In the entries below, find the line with "Dalia Grybauskaitė apdovanojo" and the line with "Hot Toys MMS367"; copy them and every line between them exactly, but not the pictures.

*** Opening MATERIAL SUPPLIED ***

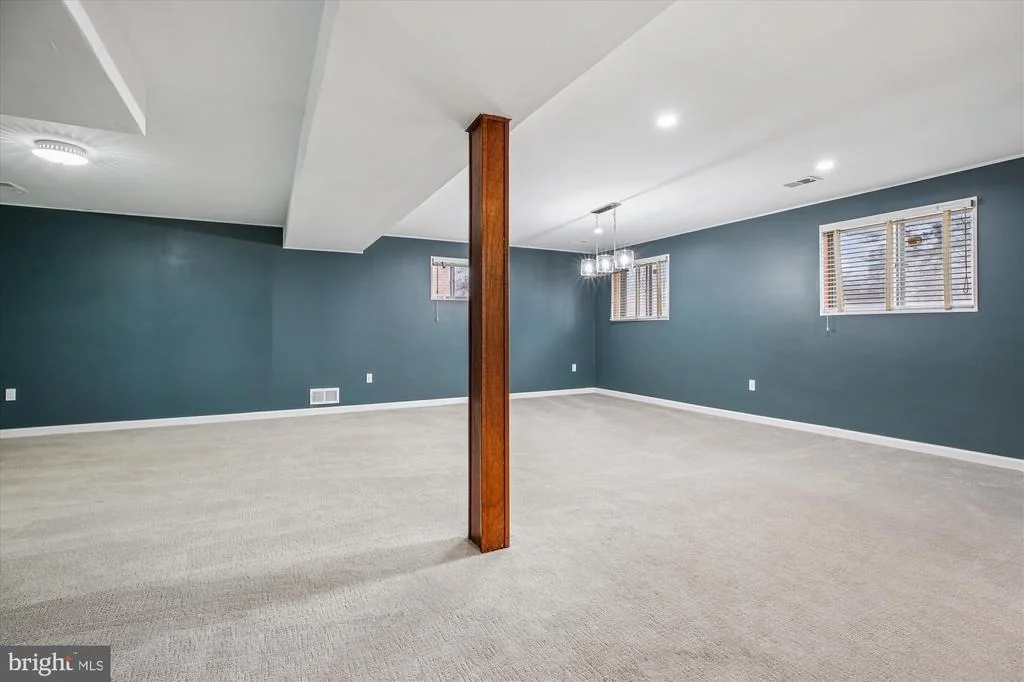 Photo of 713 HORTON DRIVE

*** Closing MATERIAL SUPPLIED ***
*** Opening MATERIAL SUPPLIED ***

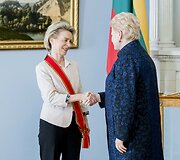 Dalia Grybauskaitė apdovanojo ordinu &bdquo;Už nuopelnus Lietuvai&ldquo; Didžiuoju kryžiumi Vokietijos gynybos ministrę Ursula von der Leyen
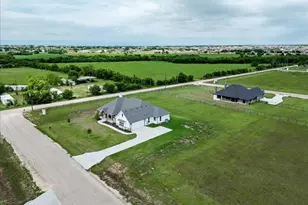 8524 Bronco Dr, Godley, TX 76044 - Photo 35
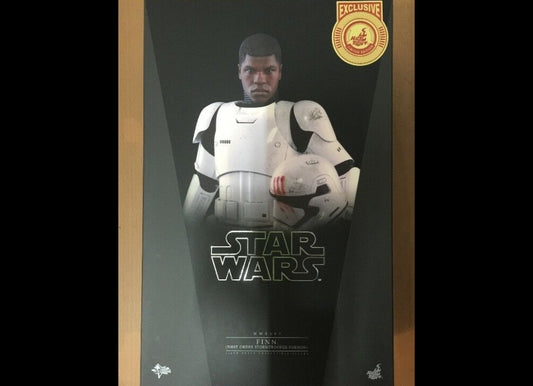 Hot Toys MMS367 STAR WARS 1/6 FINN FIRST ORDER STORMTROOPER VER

*** Closing MATERIAL SUPPLIED ***

[FINISHED EXERCISE]
 Dalia Grybauskaitė apdovanojo ordinu &bdquo;Už nuopelnus Lietuvai&ldquo; Didžiuoju kryžiumi Vokietijos gynybos ministrę Ursula von der Leyen
 8524 Bronco Dr, Godley, TX 76044 - Photo 35
 Hot Toys MMS367 STAR WARS 1/6 FINN FIRST ORDER STORMTROOPER VER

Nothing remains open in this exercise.